▶ **GIVEN RECORDS**:
= = = = =
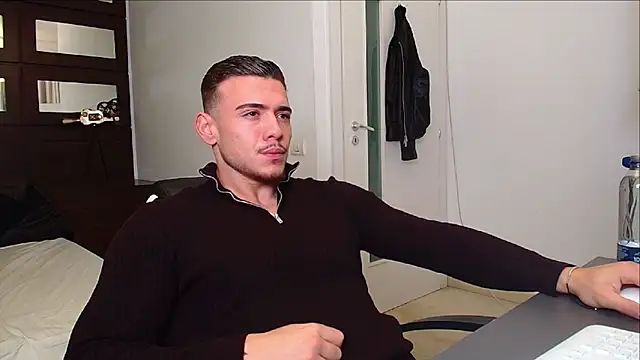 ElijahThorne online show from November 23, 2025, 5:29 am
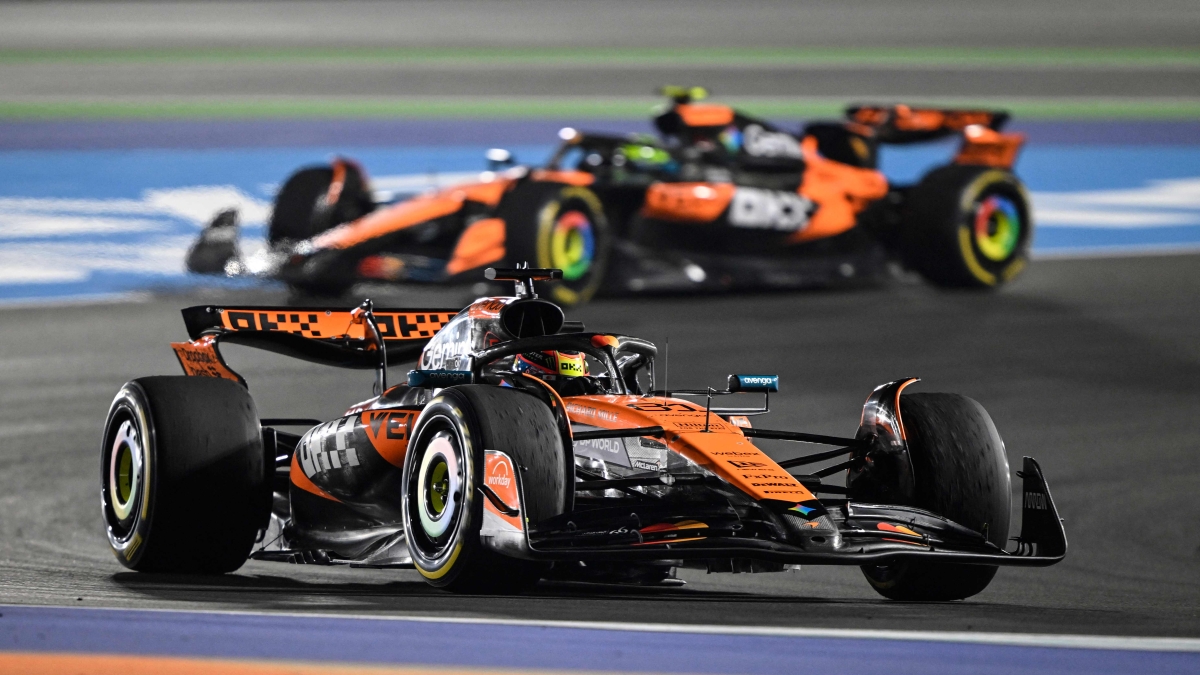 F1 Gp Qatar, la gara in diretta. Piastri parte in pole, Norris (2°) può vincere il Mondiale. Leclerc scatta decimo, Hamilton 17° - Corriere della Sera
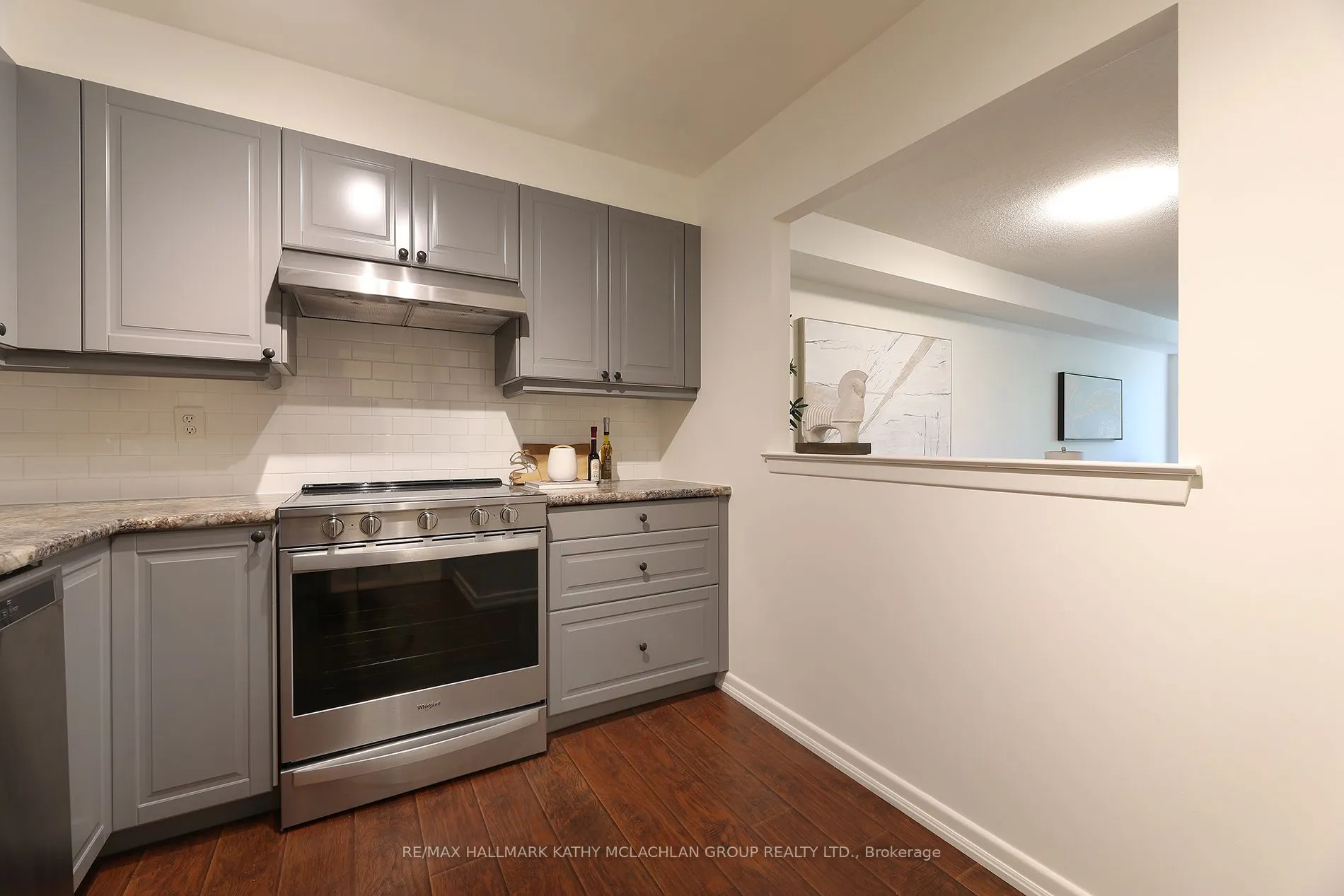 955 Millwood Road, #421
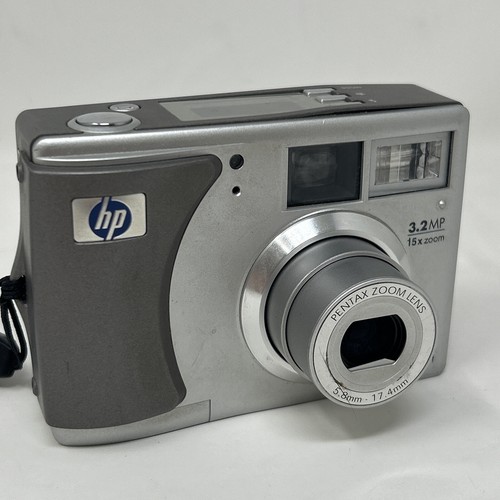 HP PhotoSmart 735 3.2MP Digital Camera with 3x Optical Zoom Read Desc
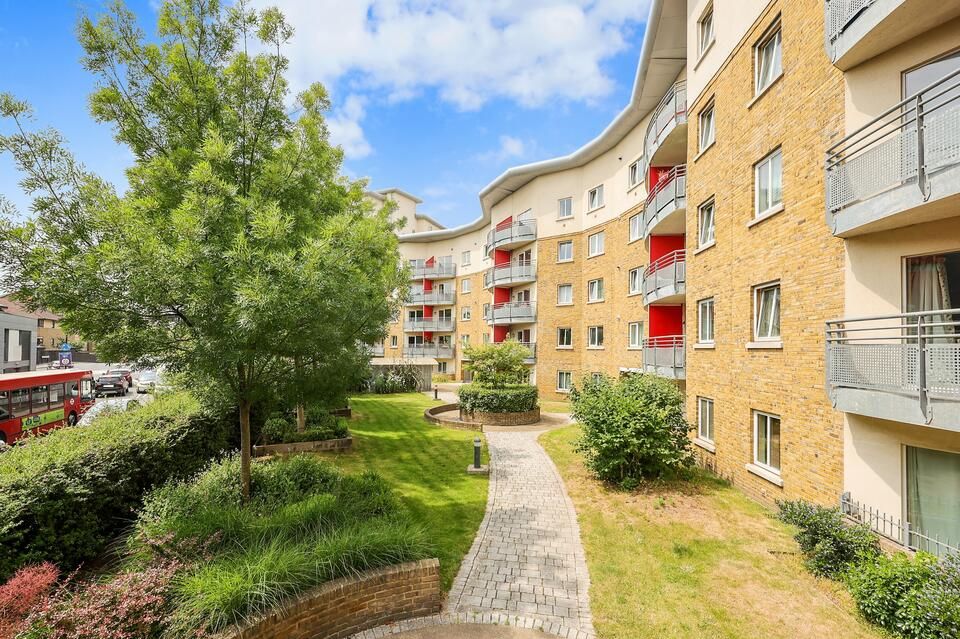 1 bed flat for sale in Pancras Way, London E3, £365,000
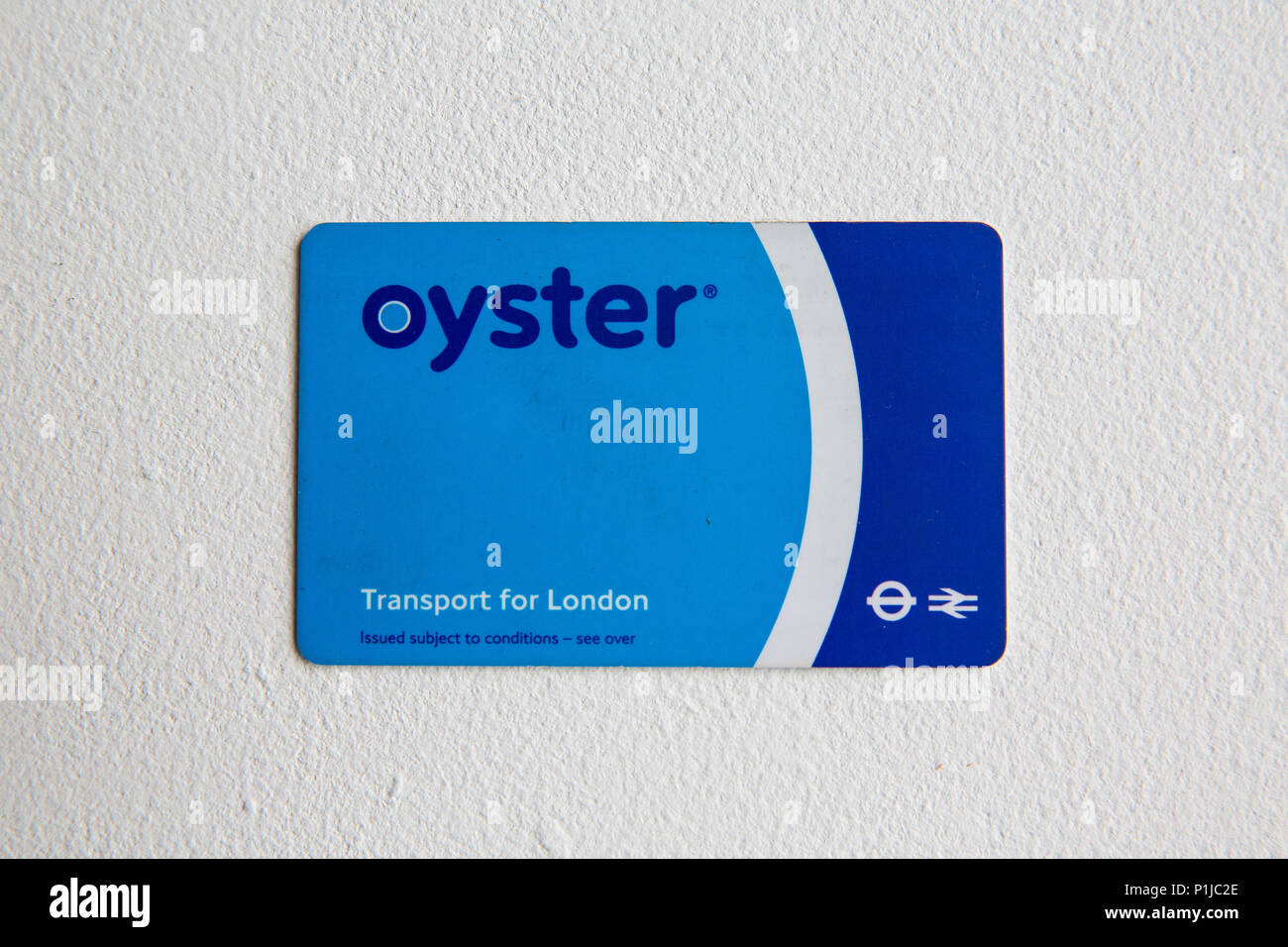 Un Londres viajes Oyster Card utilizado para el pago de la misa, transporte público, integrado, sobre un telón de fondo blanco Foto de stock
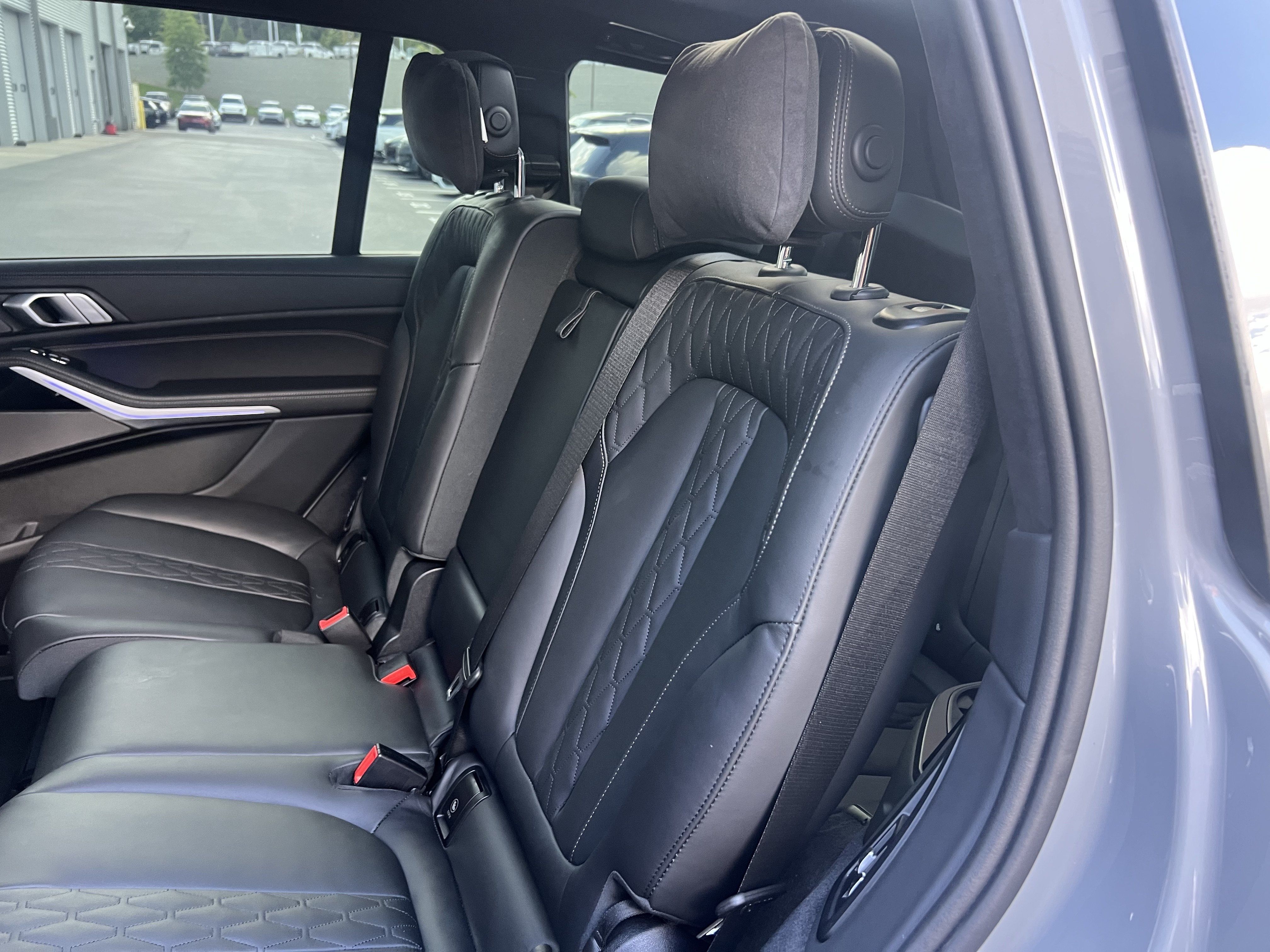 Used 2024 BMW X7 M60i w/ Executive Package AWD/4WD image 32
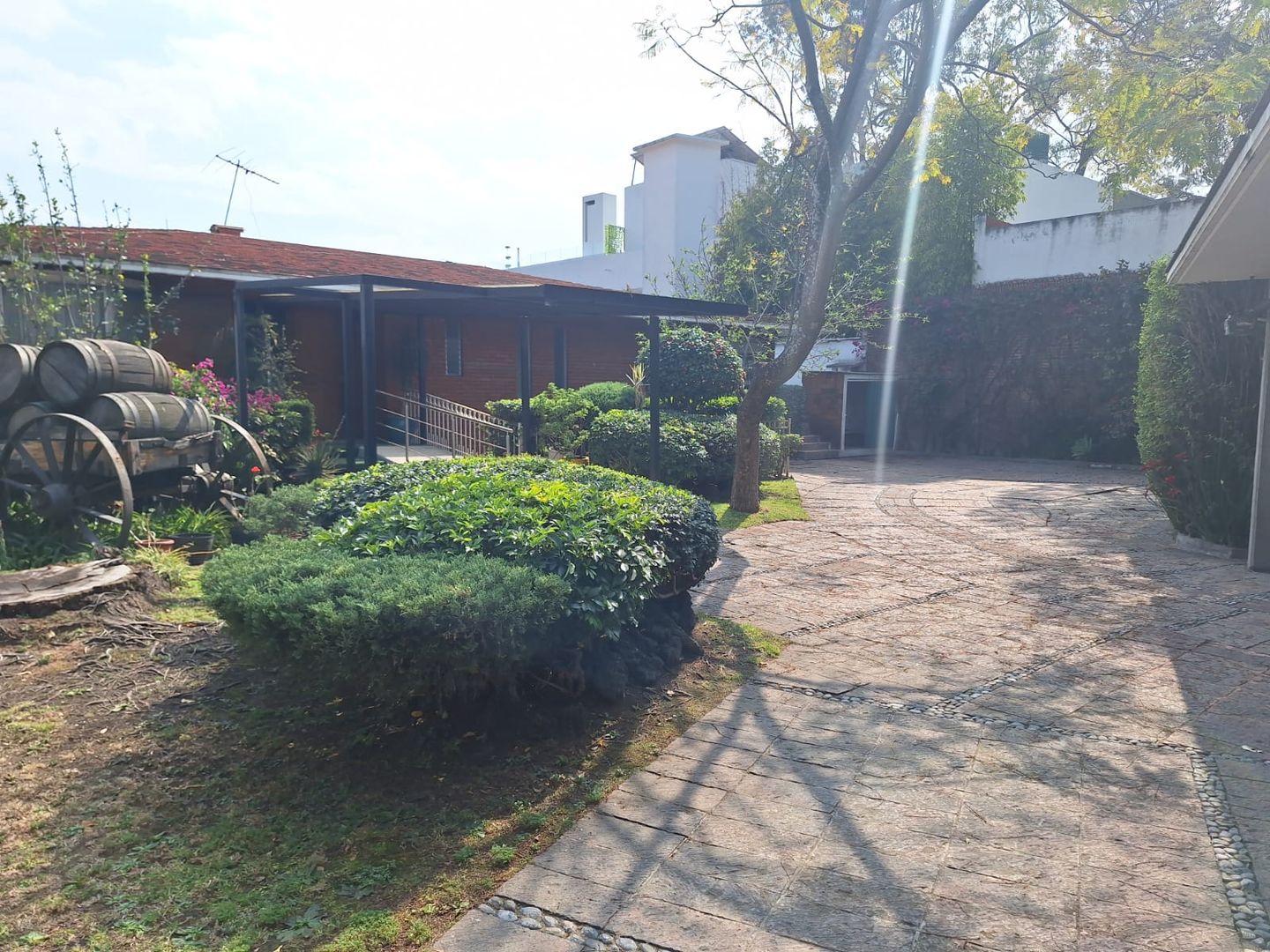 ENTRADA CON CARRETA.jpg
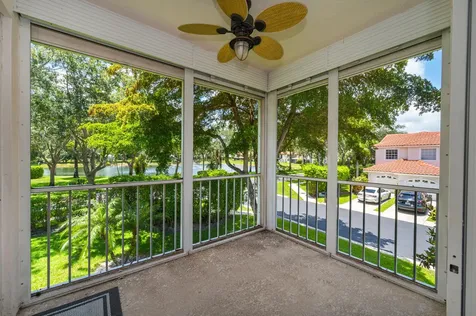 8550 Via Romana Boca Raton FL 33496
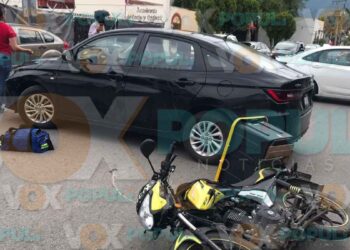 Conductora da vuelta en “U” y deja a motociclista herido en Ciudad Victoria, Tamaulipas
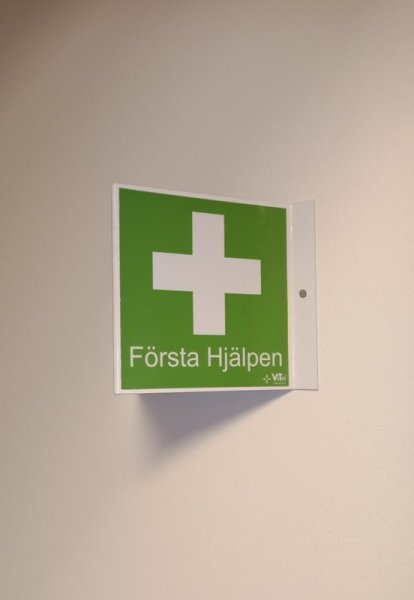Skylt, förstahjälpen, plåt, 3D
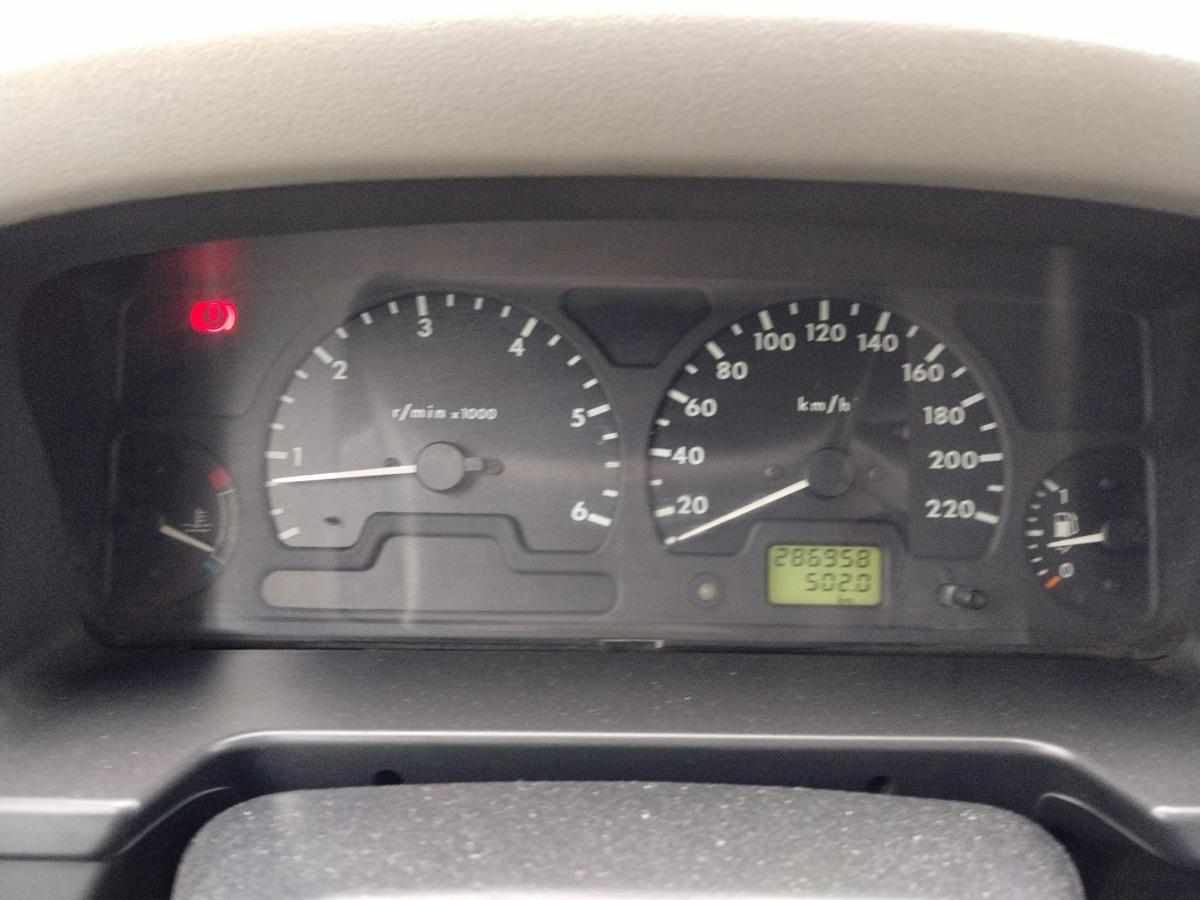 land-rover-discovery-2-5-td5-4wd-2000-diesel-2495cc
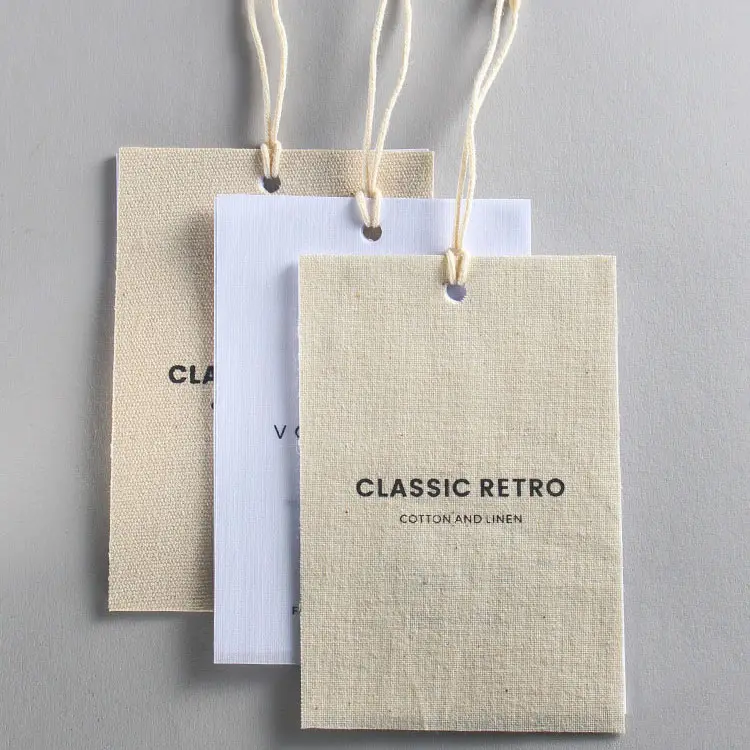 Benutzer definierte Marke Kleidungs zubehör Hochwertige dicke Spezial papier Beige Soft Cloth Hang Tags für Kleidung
= = = = =
▶ **TASK REQUIREMENTS**: In the answer, the entries should be restated verbatim, with all pictures omitted.

▶ **FINISHED EXERCISE**:
 ElijahThorne online show from November 23, 2025, 5:29 am
 F1 Gp Qatar, la gara in diretta. Piastri parte in pole, Norris (2°) può vincere il Mondiale. Leclerc scatta decimo, Hamilton 17° - Corriere della Sera
 955 Millwood Road, #421
 HP PhotoSmart 735 3.2MP Digital Camera with 3x Optical Zoom Read Desc
 1 bed flat for sale in Pancras Way, London E3, £365,000
 Un Londres viajes Oyster Card utilizado para el pago de la misa, transporte público, integrado, sobre un telón de fondo blanco Foto de stock
 Used 2024 BMW X7 M60i w/ Executive Package AWD/4WD image 32
 ENTRADA CON CARRETA.jpg
 8550 Via Romana Boca Raton FL 33496
 Conductora da vuelta en “U” y deja a motociclista herido en Ciudad Victoria, Tamaulipas
Skylt, förstahjälpen, plåt, 3D
 land-rover-discovery-2-5-td5-4wd-2000-diesel-2495cc
 Benutzer definierte Marke Kleidungs zubehör Hochwertige dicke Spezial papier Beige Soft Cloth Hang Tags für Kleidung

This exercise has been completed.